Task statement:
Reproduce every line below exactly as written; do not include the images.

Image-caption web data
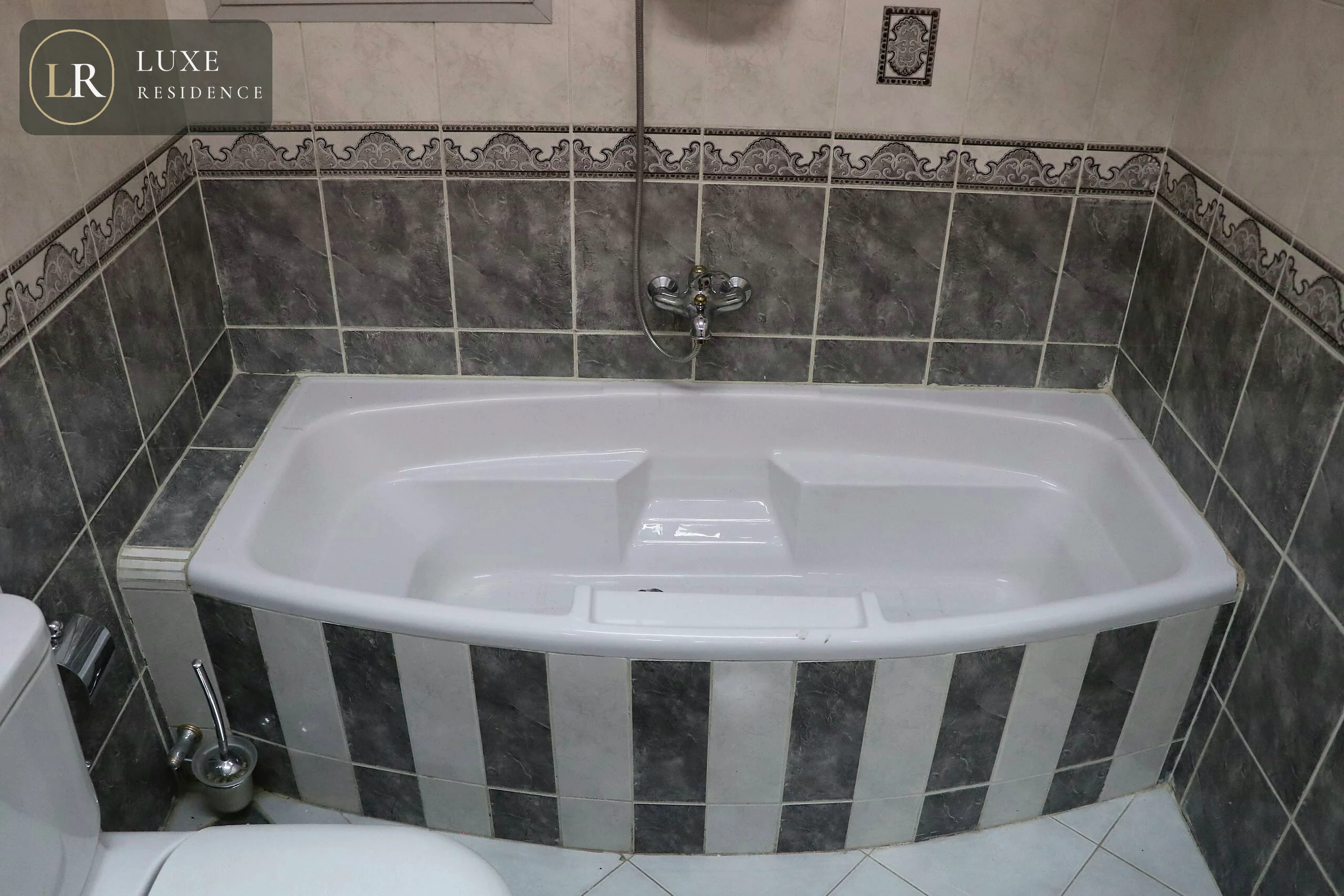 Full bathroom Room 5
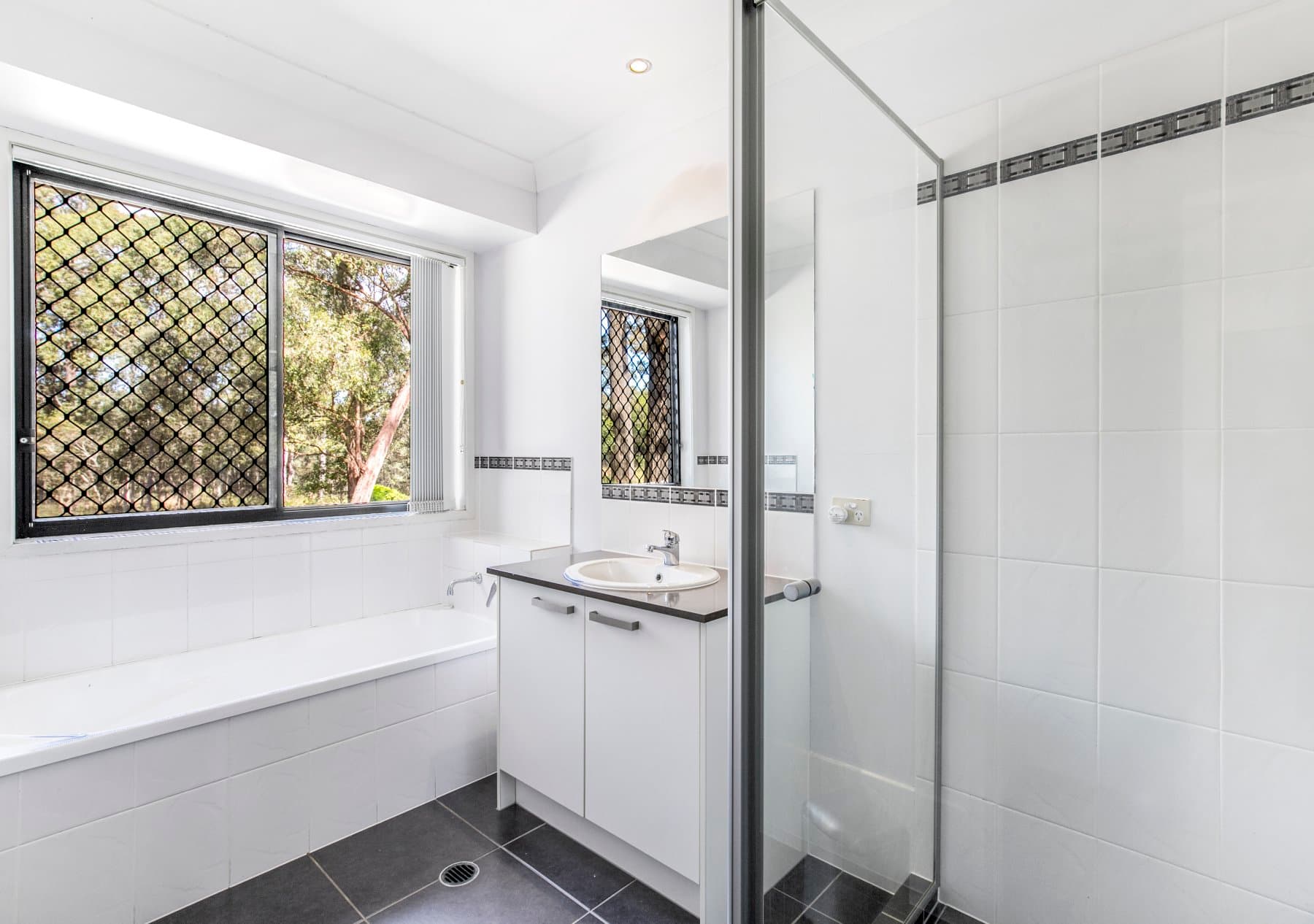 27 Courtney Place, Moggill - Thumbnail 8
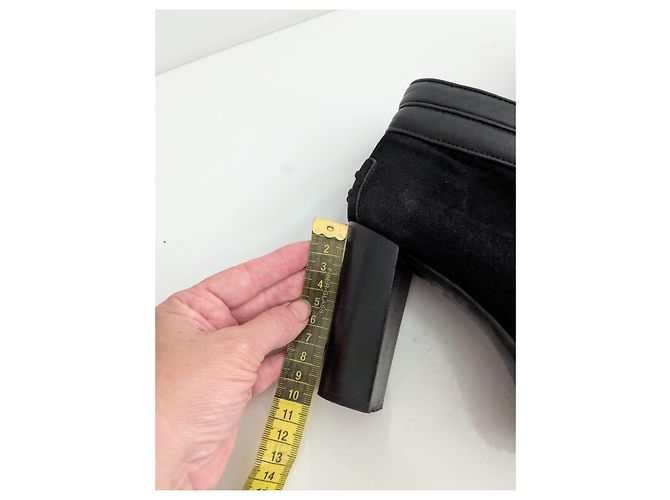 Stivaletti Tod's in camoscio nero con lacci e tacco - vista 10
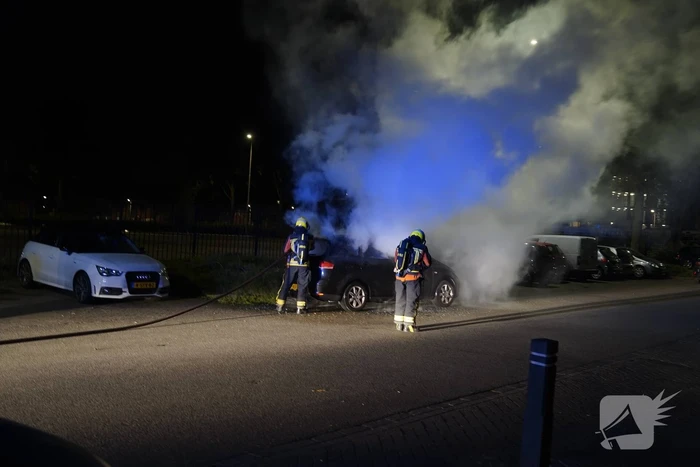 Geparkeerde auto volledig uitgebrand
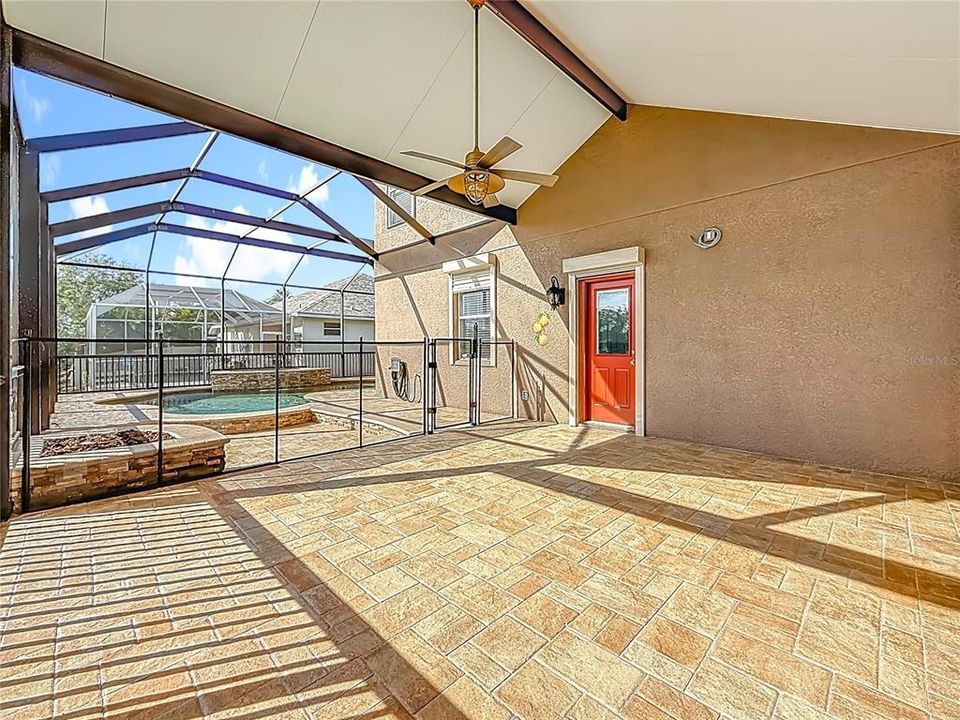 For Sale: $799,000 (4 beds, 3 baths, 2543 Square Feet)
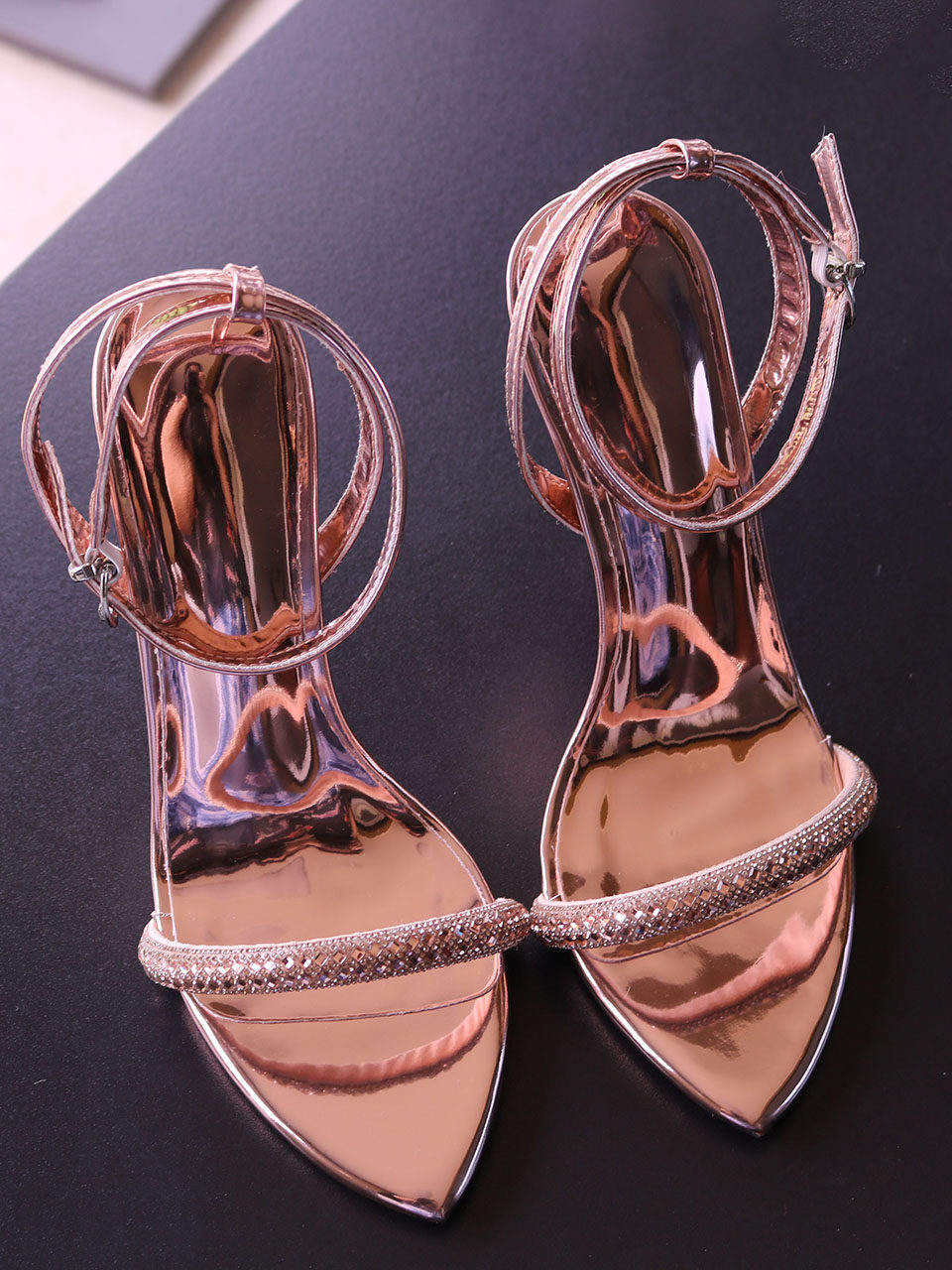 Silver mirror lacquered leathe - Rhinestone Sandal Women 리뷰 및 가격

Exercise output:
 Full bathroom Room 5
 27 Courtney Place, Moggill - Thumbnail 8
 Stivaletti Tod's in camoscio nero con lacci e tacco - vista 10
 Geparkeerde auto volledig uitgebrand
 For Sale: $799,000 (4 beds, 3 baths, 2543 Square Feet)
 Silver mirror lacquered leathe - Rhinestone Sandal Women 리뷰 및 가격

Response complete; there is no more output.